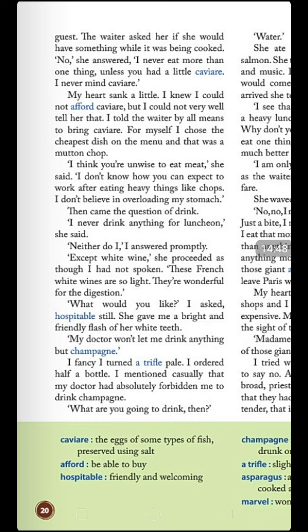For himself, the writer chose the cheapest dish on the menu — a mutton chop. The lady immediately said, 'I think you are unwise to eat meat. I don't know how you can expect to work after eating heavy things like chops. I don't believe in overloading my stomach.' She gave him quite a lecture about not eating heavy food.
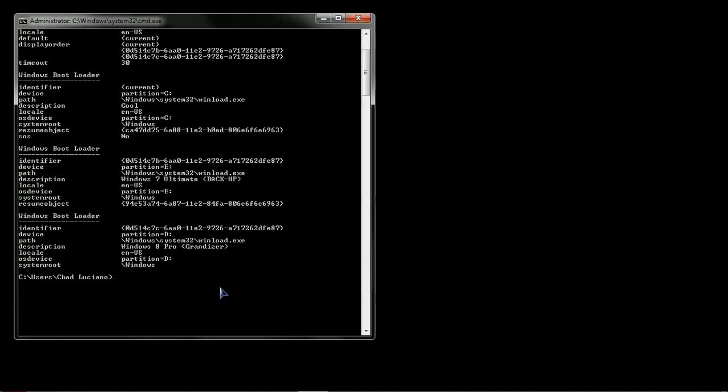So what we want to do with the identifier is, again, we're going to type bcdedit forward slash set space, and the operating system that we're interested in editing its boot menu entry is going to be current,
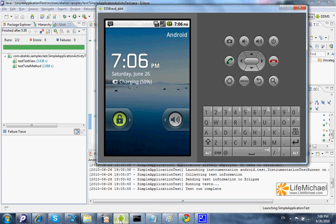Pay attention to the fact that on the device itself only one process is executed, and that process includes two separated threads. The first is of the application we test. The second is of the testing code — the code that tests the application we test.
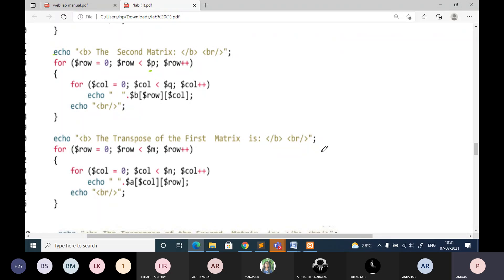What is transpose matrix? Can somebody tell me what is the meaning of transpose matrix? Maybe in your data structure you have done this program. Someone answers: turning the rows to columns and columns to rows. Yes - you are just interchanging the rows and columns. That's all. Very simple.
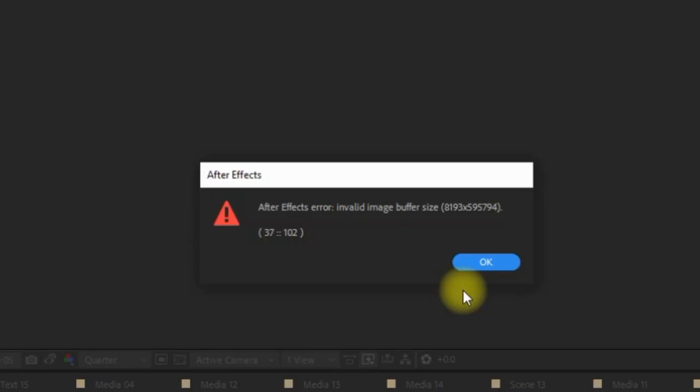Hi guys, welcome back to another video. In After Effects, if you're trying to preview or render a project and you're getting an error message like 'invalid image buffer size' with some crazy numbers, here's one simple way to fix this.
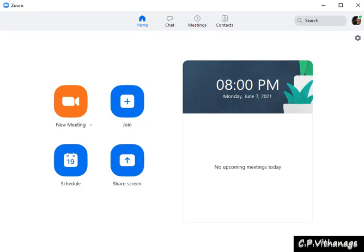Hello friends, I'm going to show you how to remove the 40-minute restriction from your free Zoom account. You may be doing online meetings or online classes with your free Zoom account, but if there are more than three participants, after 40 minutes you have to restart the meeting or the lesson.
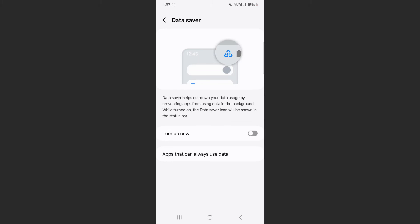And yeah, that's pretty much it. That's how to turn off Data Saver on Android. If you have any questions, please let me know down in the comments below and I'll do my best to help you out.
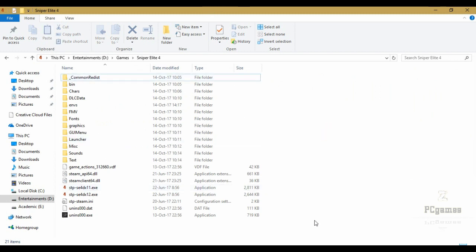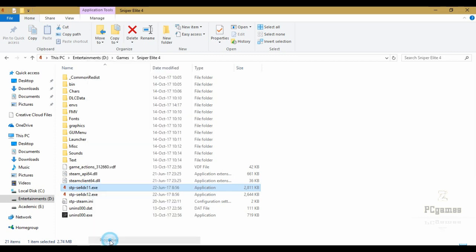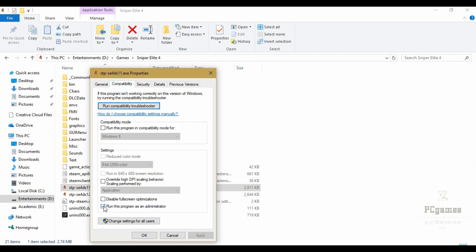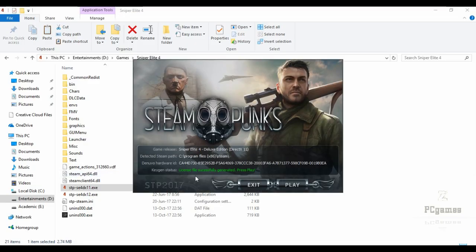Let's fix the first problem: the DirectX problem. Right-click on stpse4dx11.exe file and go to Properties. In Properties, go to the Compatibility tab and set the file to run as administrator. Then apply and OK. Do the same to the stpse4dx12.exe file too. Then run the game by double-clicking stpse4dx11.exe or stpse4dx12.exe — it depends on the DirectX version you have installed.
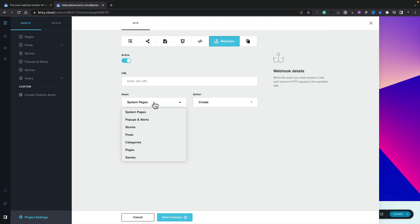pop-ups, stories, posts, etc. are all included inside here. We then have three different actions to work with, create, update, and delete.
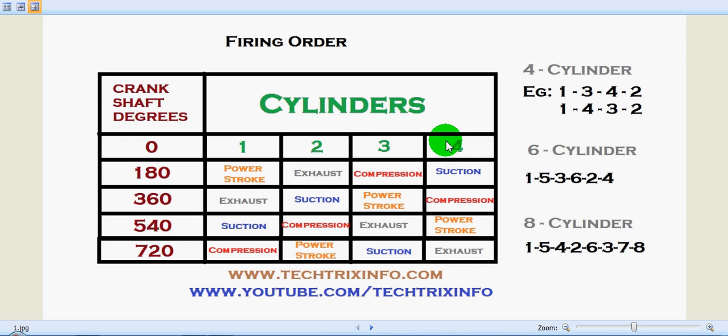Today we'll be learning about the firing order in an engine to obtain the best engine performance. In multi-cylinder engines, the occurrences of power strokes in various cylinders are not kept directly one after the other. For example, in a four-stroke engine, it is not kept as one, two, three, four. Instead, the firing of each cylinder happens in an order of one, three, four, two, or one, four, three, two.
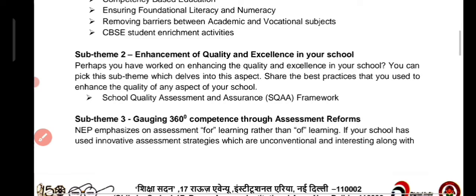Sub-theme 2 is school quality assessment and assurance — how much you have improved assessment quality and how much you have implemented it in your school.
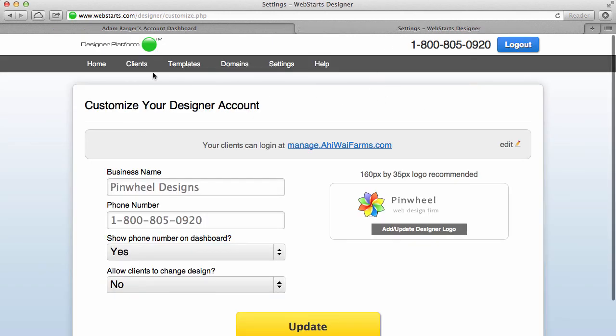So that's about it for this tutorial. Don't forget to visit webstarch.com to make your own designer account and start your own web hosting and design firm.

* **Task description**
Pictures are not part of the copy. Extract exactly the lines from the line containing "Sub-theme 2 is" through the final line of the entries above, both included.

* **Written response**
Sub-theme 2 is school quality assessment and assurance — how much you have improved assessment quality and how much you have implemented it in your school.
So that's about it for this tutorial. Don't forget to visit webstarch.com to make your own designer account and start your own web hosting and design firm.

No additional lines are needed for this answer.